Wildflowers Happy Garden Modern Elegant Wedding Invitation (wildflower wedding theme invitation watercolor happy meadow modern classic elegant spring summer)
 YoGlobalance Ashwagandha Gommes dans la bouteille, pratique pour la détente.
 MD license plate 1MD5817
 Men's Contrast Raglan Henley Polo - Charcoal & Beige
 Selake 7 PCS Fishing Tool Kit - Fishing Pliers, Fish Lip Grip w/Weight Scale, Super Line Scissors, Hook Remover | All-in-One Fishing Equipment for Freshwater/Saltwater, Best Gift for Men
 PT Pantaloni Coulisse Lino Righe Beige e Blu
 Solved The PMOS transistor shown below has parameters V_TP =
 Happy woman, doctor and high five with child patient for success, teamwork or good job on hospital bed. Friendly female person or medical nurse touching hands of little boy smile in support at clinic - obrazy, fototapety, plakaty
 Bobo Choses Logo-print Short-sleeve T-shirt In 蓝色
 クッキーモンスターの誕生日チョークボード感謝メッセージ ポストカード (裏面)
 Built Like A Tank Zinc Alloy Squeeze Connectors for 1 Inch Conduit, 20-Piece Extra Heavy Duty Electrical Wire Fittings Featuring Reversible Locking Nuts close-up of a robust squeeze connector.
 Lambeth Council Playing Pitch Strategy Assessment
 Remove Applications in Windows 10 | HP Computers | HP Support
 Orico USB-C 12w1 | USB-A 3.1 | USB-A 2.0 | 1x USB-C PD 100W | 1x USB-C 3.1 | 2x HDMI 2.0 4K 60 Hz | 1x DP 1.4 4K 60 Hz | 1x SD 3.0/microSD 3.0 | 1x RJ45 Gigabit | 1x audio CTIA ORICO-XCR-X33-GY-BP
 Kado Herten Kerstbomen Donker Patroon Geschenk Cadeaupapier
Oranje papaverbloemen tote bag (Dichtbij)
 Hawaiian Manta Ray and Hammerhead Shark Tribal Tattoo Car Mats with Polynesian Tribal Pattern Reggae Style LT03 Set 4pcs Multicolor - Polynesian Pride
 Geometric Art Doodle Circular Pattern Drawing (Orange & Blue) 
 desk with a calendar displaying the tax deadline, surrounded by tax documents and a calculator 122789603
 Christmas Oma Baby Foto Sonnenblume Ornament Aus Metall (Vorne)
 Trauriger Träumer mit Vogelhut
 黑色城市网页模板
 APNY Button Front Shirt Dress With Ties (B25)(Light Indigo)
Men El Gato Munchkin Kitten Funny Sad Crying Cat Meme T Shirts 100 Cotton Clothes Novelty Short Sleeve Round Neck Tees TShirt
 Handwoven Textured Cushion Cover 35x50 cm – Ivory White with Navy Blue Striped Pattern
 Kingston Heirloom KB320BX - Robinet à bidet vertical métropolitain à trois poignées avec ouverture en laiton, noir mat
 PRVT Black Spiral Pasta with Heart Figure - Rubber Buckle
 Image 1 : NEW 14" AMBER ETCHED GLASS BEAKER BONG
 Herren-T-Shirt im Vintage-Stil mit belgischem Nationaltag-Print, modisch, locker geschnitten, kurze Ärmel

- [INSTRUCTIONS TO FOLLOW]: Retype the lines of the material from the one containing "Kingston Heirloom KB320BX" through the last line, exactly, and give no other lines.

- [EXERCISE SOLUTION]:
 Kingston Heirloom KB320BX - Robinet à bidet vertical métropolitain à trois poignées avec ouverture en laiton, noir mat
 PRVT Black Spiral Pasta with Heart Figure - Rubber Buckle
 Image 1 : NEW 14" AMBER ETCHED GLASS BEAKER BONG
 Herren-T-Shirt im Vintage-Stil mit belgischem Nationaltag-Print, modisch, locker geschnitten, kurze Ärmel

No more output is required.